» TASK DESCRIPTION
I would like the lines below, from the one with "India's Miniratna DPSU" through the one with "Magic Number Back Case for Samsung Galaxy S6", copied exactly and without any pictures.

» EXTRACTED RECORDS
------------------------------

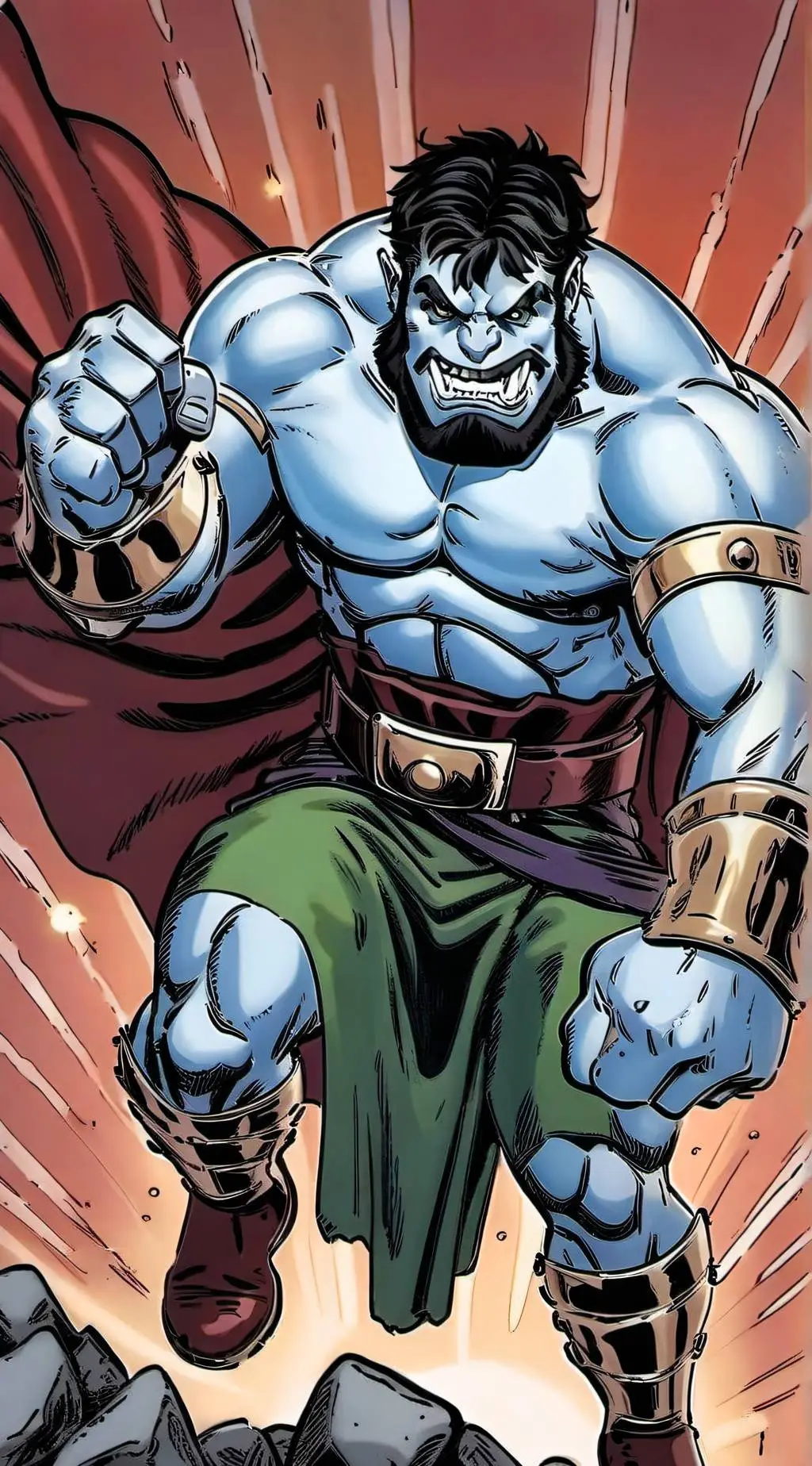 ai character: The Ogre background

------------------------------

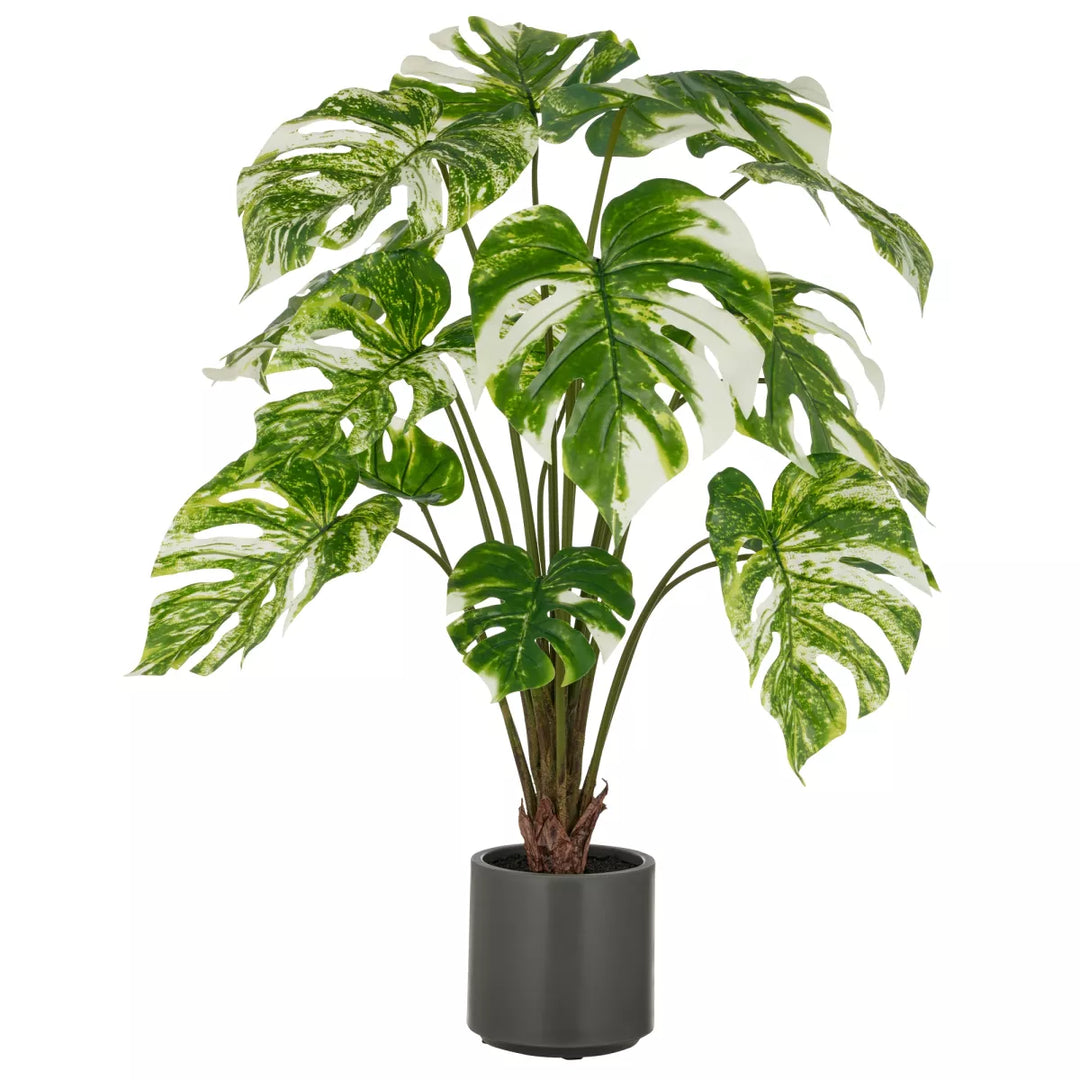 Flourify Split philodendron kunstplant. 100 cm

------------------------------

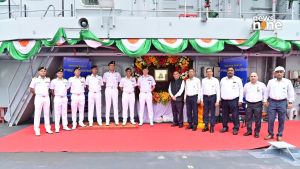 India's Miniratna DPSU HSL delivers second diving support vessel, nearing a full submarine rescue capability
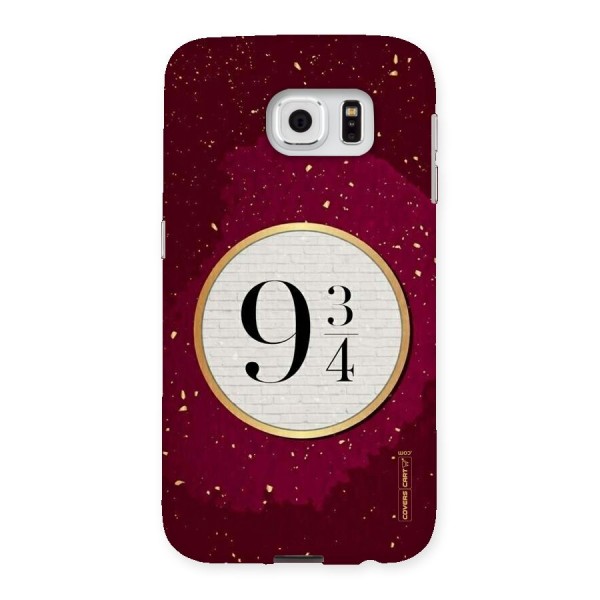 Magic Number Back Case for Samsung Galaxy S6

------------------------------

» WRITTEN SOLUTION
 India's Miniratna DPSU HSL delivers second diving support vessel, nearing a full submarine rescue capability
 Magic Number Back Case for Samsung Galaxy S6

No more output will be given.